# Records to use

━━━━━━━━━━━━━━━━━━━━

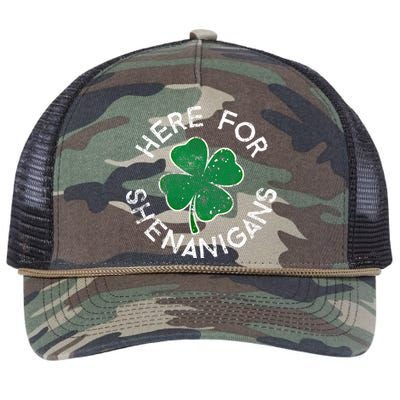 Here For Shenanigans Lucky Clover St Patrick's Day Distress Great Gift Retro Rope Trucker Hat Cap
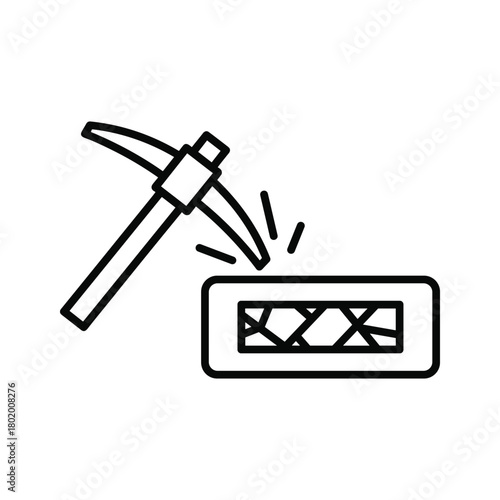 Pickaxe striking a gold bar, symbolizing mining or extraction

━━━━━━━━━━━━━━━━━━━━

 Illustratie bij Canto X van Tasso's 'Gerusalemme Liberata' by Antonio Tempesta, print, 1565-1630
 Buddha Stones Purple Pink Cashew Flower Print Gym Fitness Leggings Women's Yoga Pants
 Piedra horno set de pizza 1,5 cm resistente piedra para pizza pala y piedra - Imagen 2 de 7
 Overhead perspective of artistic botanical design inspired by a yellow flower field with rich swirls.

━━━━━━━━━━━━━━━━━━━━

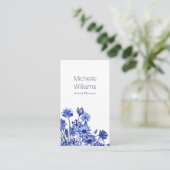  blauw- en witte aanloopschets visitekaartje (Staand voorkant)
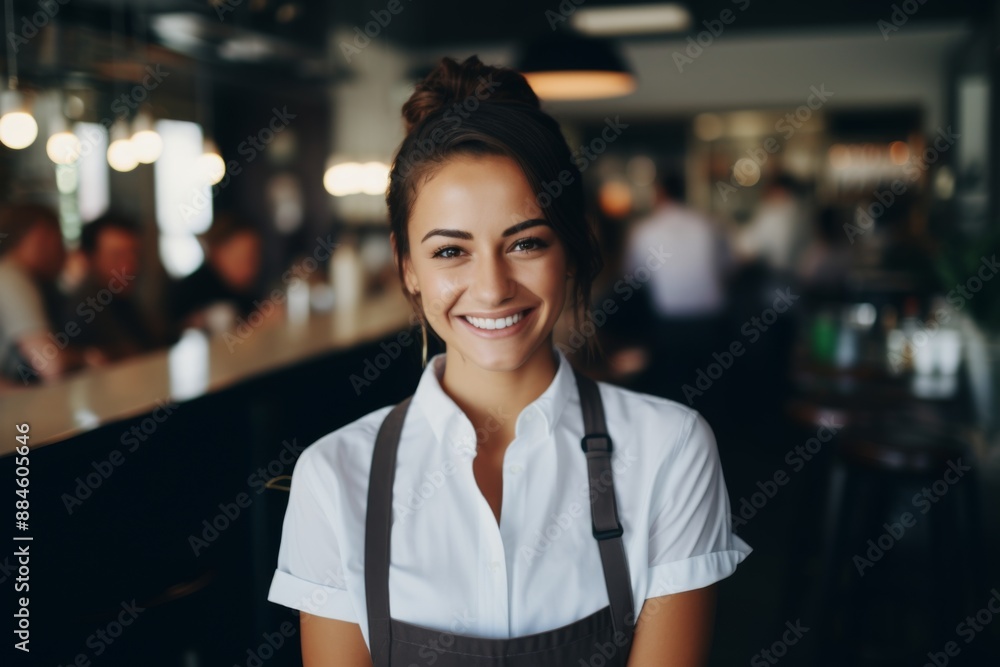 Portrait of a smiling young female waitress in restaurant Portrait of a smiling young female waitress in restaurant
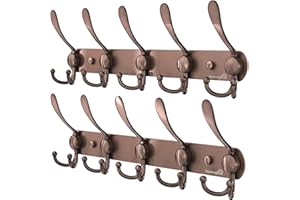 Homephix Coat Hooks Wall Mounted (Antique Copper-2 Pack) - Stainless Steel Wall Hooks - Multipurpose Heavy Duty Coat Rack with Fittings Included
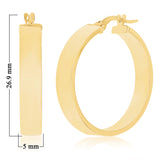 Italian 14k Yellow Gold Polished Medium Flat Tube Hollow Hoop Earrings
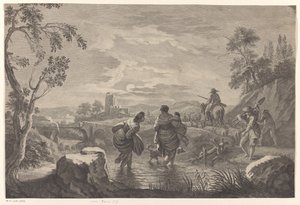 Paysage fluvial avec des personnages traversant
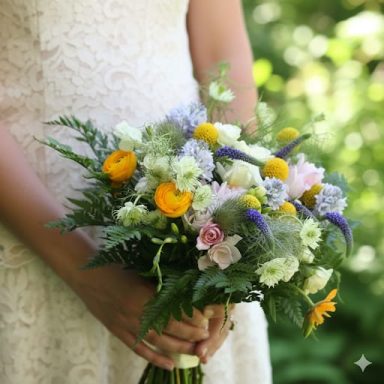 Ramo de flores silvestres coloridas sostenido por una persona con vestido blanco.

━━━━━━━━━━━━━━━━━━━━

Write down exactly the span of lines above from the one containing "Piedra horno set" to the one containing "Overhead perspective of", both ends included.

 Piedra horno set de pizza 1,5 cm resistente piedra para pizza pala y piedra - Imagen 2 de 7
 Overhead perspective of artistic botanical design inspired by a yellow flower field with rich swirls.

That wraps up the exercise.